Why companies are moving to the cloud
Three motives drive most cloud migrations: Cost hope, flexibility and the pressure because everyone is doing it. The first two are tangible, the third is a hype effect that develops its own momentum.
When it comes to costs, many expect that their own infrastructure and the associated personnel will be eliminated. The calculation looks good on paper. In practice, the picture is often different because new complexity arises elsewhere.
Flexibility is the stronger argument. The large hyperscalers operate data centers all over the planet. If you want to address customers in Australia, you can’t sensibly do so from Switzerland or Germany. Hardly any individual company has this geographical reach in its own hands.
A VM in the cloud is just a computer located somewhere else
From a technical perspective, a virtual machine in the cloud is initially just that: a computer in a different location. This sober view helps to dispel a common illusion, namely that the cloud automatically solves the old problems.
The switch brings to light problems that have always existed locally. Security, access protection, update cycles. Suddenly the question of how often a VM is booted or what day-two operations look like for a database system or Kubernetes cluster becomes relevant.

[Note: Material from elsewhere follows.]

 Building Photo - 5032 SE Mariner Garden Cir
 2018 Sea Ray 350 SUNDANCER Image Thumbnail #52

These questions also existed on-premise. Linux systems also had to be updated every two weeks before. The cloud only makes these obligations visible because they can no longer be hidden in your own data center. This is exactly what makes migration difficult, along with the cultural issues.
Three construction sites: Infrastructure, architecture, organization
Every cloud migration breaks down into three areas, and only one of them is purely technical.

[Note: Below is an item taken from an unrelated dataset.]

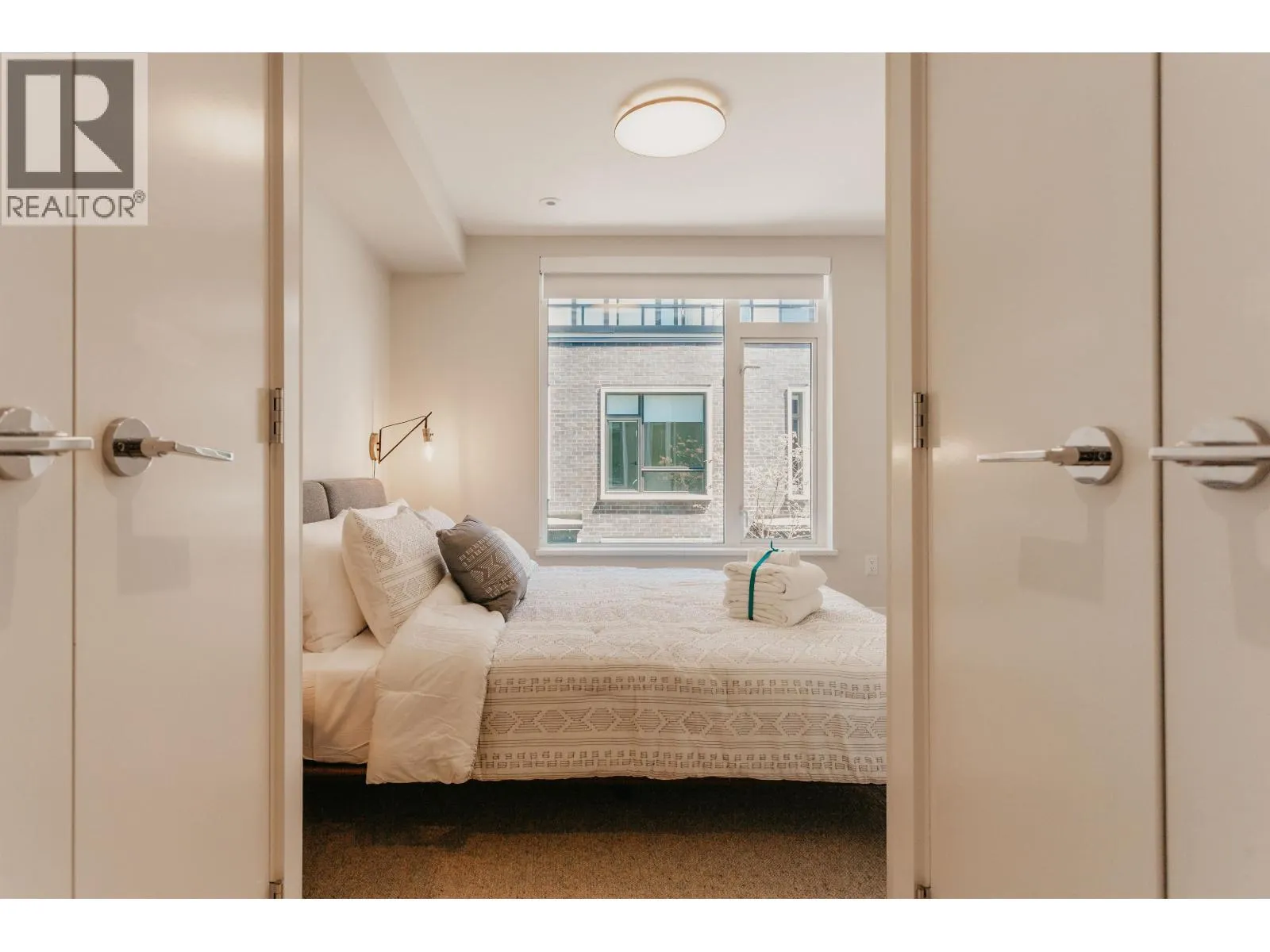 7476 GRANVILLE STREET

- Infrastructure: The path from local to cloud infrastructure. Cloud providers provide an API with which this can be set up relatively quickly. However, the managed services behind this bring their own complexity, which makes the whole process more difficult.
- Architecture: Long-grown monoliths are often poorly built. What many overlook: A monolith can also have an architecture, for example via clean Java packages. The task is to split up such monoliths in a sensible way.

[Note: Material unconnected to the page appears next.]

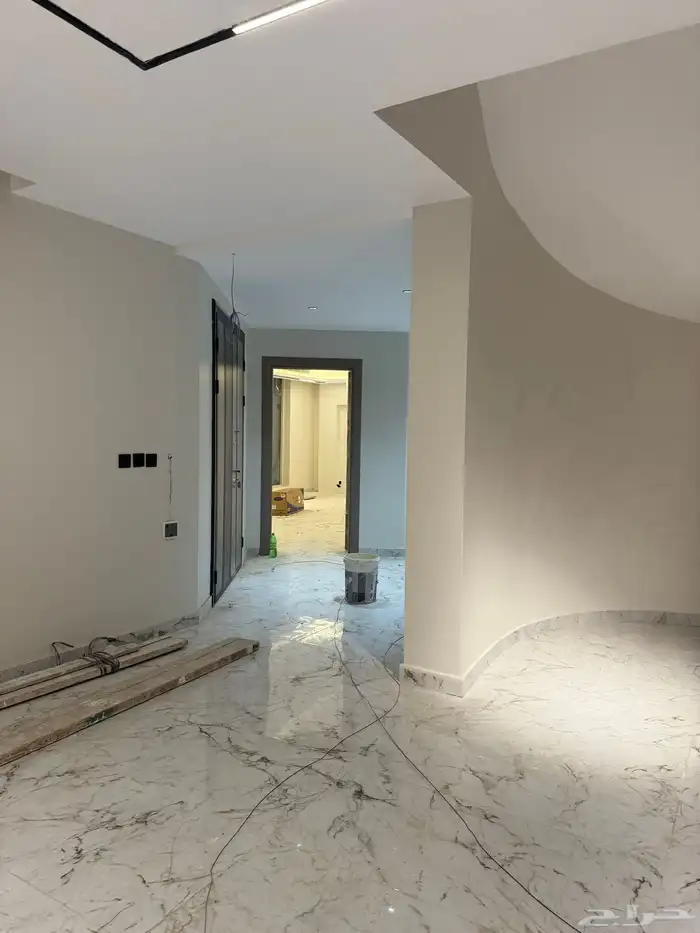 فيلا فخمة للبيع المساحة 650م شارعين حي اللؤؤ 49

- Organization: Over the years, organizational units have developed around on-premise databases that no longer fit the new world. This is about personal responsibility and agile working methods.
Where the main problems lie varies from company to company. Banks and insurance companies have particularly long-lived systems and equally long-lived organizations. You start at the weakest point.
How a migration works step by step
The sensible way to start is to lift and shift: you take the existing application, containerize it if necessary and start it in a cloud VM. The main purpose of this first step is to gain experience.
Further stages build on this. During re-hosting, the monolith moves to the cloud, which already requires a CI/CD pipeline to be in place. During re-platforming, the thing is placed in a Kubernetes cluster, and logging and monitoring run via the cloud provider’s services.
Only then does the refactoring take place. This is the actual architecture issue, where the structure is improved if you want to. There are certainly reasons not to take this last step.
Greenfield rebuilds fail, step-by-step cutting helps
The attempt to completely rebuild a monolith with a separate greenfield team goes wrong in practice. The pattern is familiar: Three teams maintain the monolith, a fourth is supposed to reimplement it with clean cuts. Such projects are usually abandoned after around two years.
The viable path leads via the existing monolith. You work out the technical domains step by step, spread over several iterations, not in a single sprint.
As soon as the interactions between the domains are minimal, there are clean interfaces and the database schema is separated, a domain can be cut out and packed into its own container. The cut is functional, not technical. This is the basic principle of microservices.
An example from the banking environment is onboarding. A customer comes in, their data is recorded and initial products are offered depending on the investment amount and risk appetite. This onboarding process forms a self-contained domain that you can start with.
The database is the hardest construction site
Many companies operate a large Oracle platform, and DBAs sit in front of it, often preventing architectural changes. This issue is both technical and organizational.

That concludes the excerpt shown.